Touche-à-tout, partageant sa carrière entre besognes alimentaires et oeuvres qui lui tiennent personnellement à coeur (et ceci est valable autant pour ses réalisations que pour ses interprétations), Huston est un habitué du film en costumes. Alors qu'il vient de mettre en boîte Sinful Davey (Davey des grands chemins, 1969) film d'aventures picaresques avec John Hurt se déroulant dans l'Irlande du XIXe siècle, il accepte un nouveau projet de film historique. Associé au producteur Carter De Haven, le scénariste Dale Wasserman lui propose en effet d'adapter un roman fraîchement paru dont l'action se déroule au Moyen-âge. L'auteur, Hans Koningsberger, est un écrivain globe-trotter d'origine néerlandaise, installé aux États-Unis depuis 1951. Journaliste pour The New Yorker et The Atlantic Monthly, il signera de nombreux ouvrages - essais sur Vermeer, Che Guevara, la conquête des Amériques, récits de voyage en Chine, en Russie ou en Égypte - et plusieurs de ses romans seront portés à l'écran. Celui qui se fait désormais appeler Hans Koning continue aujourd'hui de bénéficier de l'estime de la critique américaine. A Walk with Love and Death paraît aux États-Unis en 1961. C'est son troisième roman. Située à une époque de troubles qui questionnent tant la foi que la morale, sa romance médiévale interroge également la société de son temps.
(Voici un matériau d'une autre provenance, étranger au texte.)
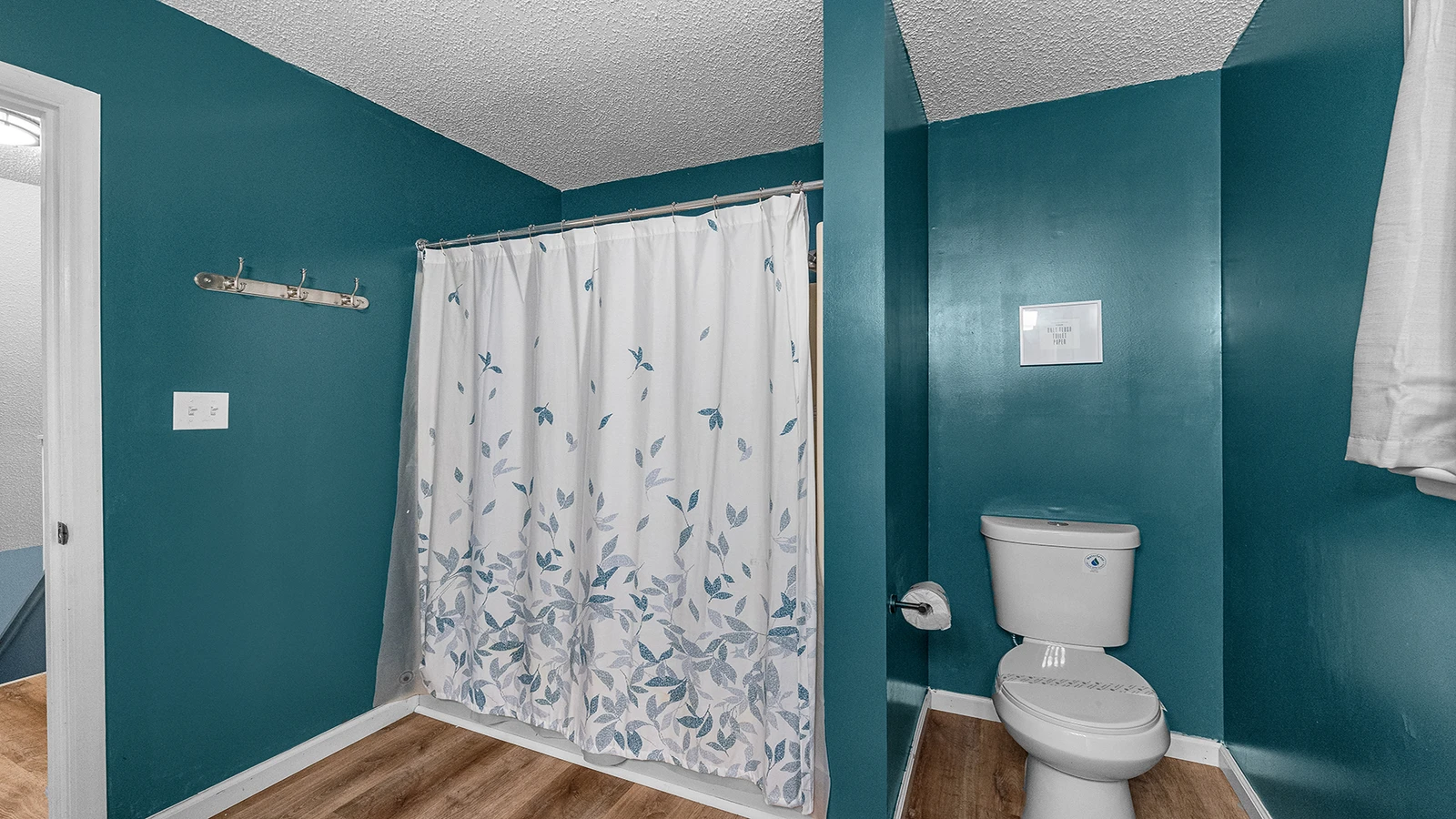 A relaxing tub and shower combo.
La plupart des films de Huston sont des adaptations de roman. Sa filmographie peut même s'honorer de compter, parmi les grands écrivains mis en images, Hammett, Melville, Kipling, Joyce, Romain Gary ou Arthur Miller, sans oublier les Saintes Écritures elles-mêmes (The Bible, 1966), ou les contributions de Truman Capote (Beat the devil, 1953) et Ray Bradbury (Moby Dick, 1956). Toute son oeuvre semble ainsi revendiquer la nécessité d'une base scénaristique solide pour faire exister un film. Avant d'être réalisateur, Huston s'est d'abord distingué à Hollywood en tant que scénariste, et il est rare qu'il n'intervienne pas au stade de l'écriture, même s'il en est rarement crédité. Dale Wasserman, homme de télévision avant tout, est un spécialiste de l'adaptation de roman. Cronin, Cervantès et Graham Greene ont connu ses faveurs. Il a également participé au scénario des Vikings (1958) de Richard Fleische. Sa collaboration avec John Huston va s'avérer particulièrement conflictuelle. Les deux hommes ne s'entendent pas sur la direction à donner à l'adaptation. Si le cinéaste a effectivement été sensible aux résonances contemporaines du roman, il souhaite en conserver la dimension universelle, tandis que Wasserman insiste pour en faire une allégorie de cette fin des années 60, faite de contestation sociale et de mouvements de la jeunesse, approche bien lourde qui risque de considérablement réduire la portée du film. La forte personnalité du metteur en scène l'emportera, heureusement pour nous... et pour le cinéma.

Mouvements de troupe

Huston s'engage ici dans une production relativement risquée, tournée en Europe avec un budget réduit et des acteurs inconnus. Il ira jusqu'à prétendre n'avoir tourné ce film que pour donner sa chance à Anjelica Huston : « En effet. Je voulais faire de ma fille de seize ans une actrice. » (3) En cela assez proche d'un Francis Ford Coppola, John est un cinéaste qui a le sens de la famille. Ses premiers films avaient à coeur de rendre hommage au père, Walter Huston (The Maltese Falcon, The Treasure of the Sierra Madre). En 1986, Anjelica obtiendra grâce à lui l'Oscar du Meilleur Second Rôle pour Prizzi's Honor. A Walk with Love and Death représente ses véritables débuts, après quelques figurations notamment dans Sinful Davey. La présence écrasante du papa fera de ce premier tournage une expérience particulièrement éprouvante pour cette jeune fille encore complexée. Mais du haut de ses 17 ans, par son visage doux et sa taille fine, elle compose une Claudia à la fois fraîche et déterminée. Une actrice plus aguerrie n'aurait sans doute pas mieux su exprimer l'innocence et la singulière beauté du personnage.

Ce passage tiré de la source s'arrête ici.